Just for sake of completeness - if the authentication_mode stays at "API_AND_CONFIG_MAP" (which is fine), any changes to IAM roles for the managed nodegroup(s) or Fargate profile(s) in the cluster (updates, additions, etc.) - EKS will continue to automatically upsert entries into the aws-auth ConfigMap. In the scenario above, you saw that the ConfigMap was entirely removed from the cluster - but any of the described changes will cause the aws-auth ConfigMapto be re-created by EKS. If you want to avoid this entirely, you can change theauthentication_modeto"API"and only access entries will be used, and EKS will no longer make any modifications to theaws-auth` ConfigMap

Feb 09 '24 22:02 bryantbiggs

I'm running into the same issues and reading all of this doesn't clear up what is happening.
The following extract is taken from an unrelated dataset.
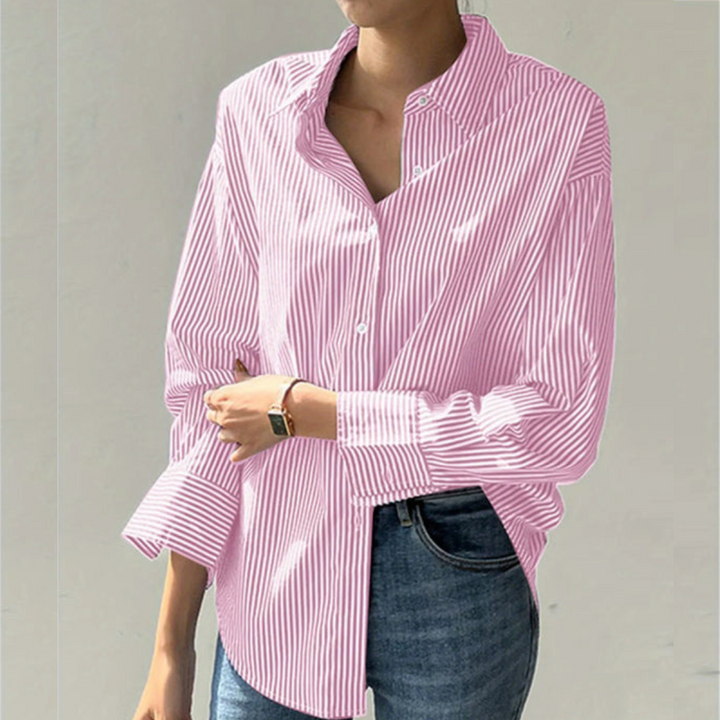 Women's Tailored Executive Shirt – Smart Office to Evening – view 3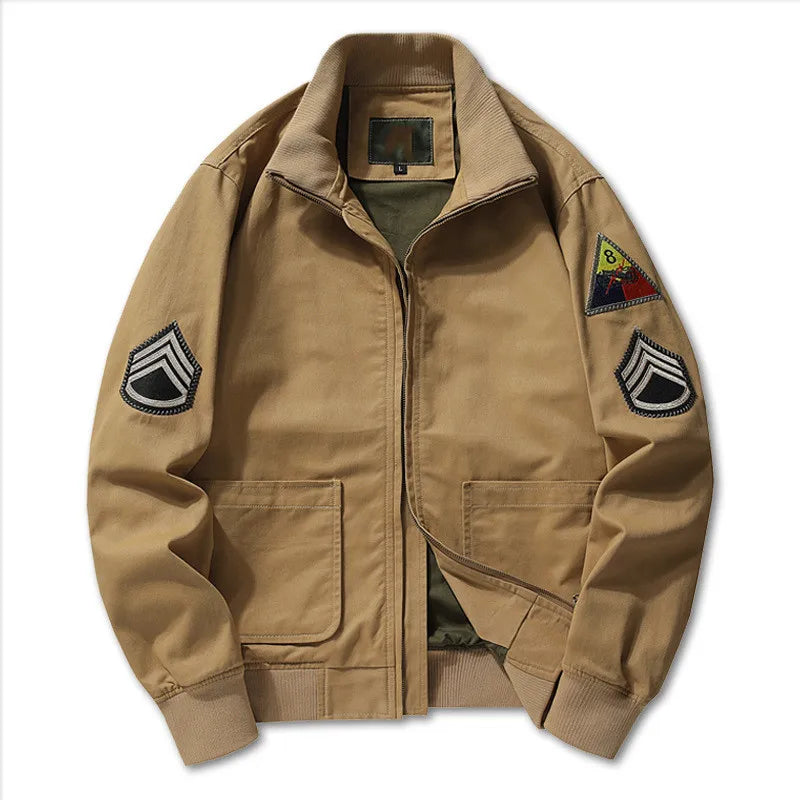 Benedict | Men's Tactical Bomber Jacket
I've run the migration from v19 to v20 using the migration fork and the fargate pods are starting correctly. However now that I'm back on the standard eks module source with the version set to ~>20.0 a terraform plan is saying it would like to destroy the module.eks.kubernetes_config_map_v1_data.aws_auth[0] resource. I did see in the 20.x upgrade documentation that instead of letting terraform destroy that resource it should be removed from the state so no disruptions occur. In my case it wants to remove the karpenter and the initial-eks-node-group roles. The 20.x upgrade documentation says it automatically adds access for managed node groups and fargate, which karpenter is running in Fargate. If that statement is true why do we need to leave the resources that were created by module.eks.kubernetes_config_map_v1_data.aws_auth[0] around?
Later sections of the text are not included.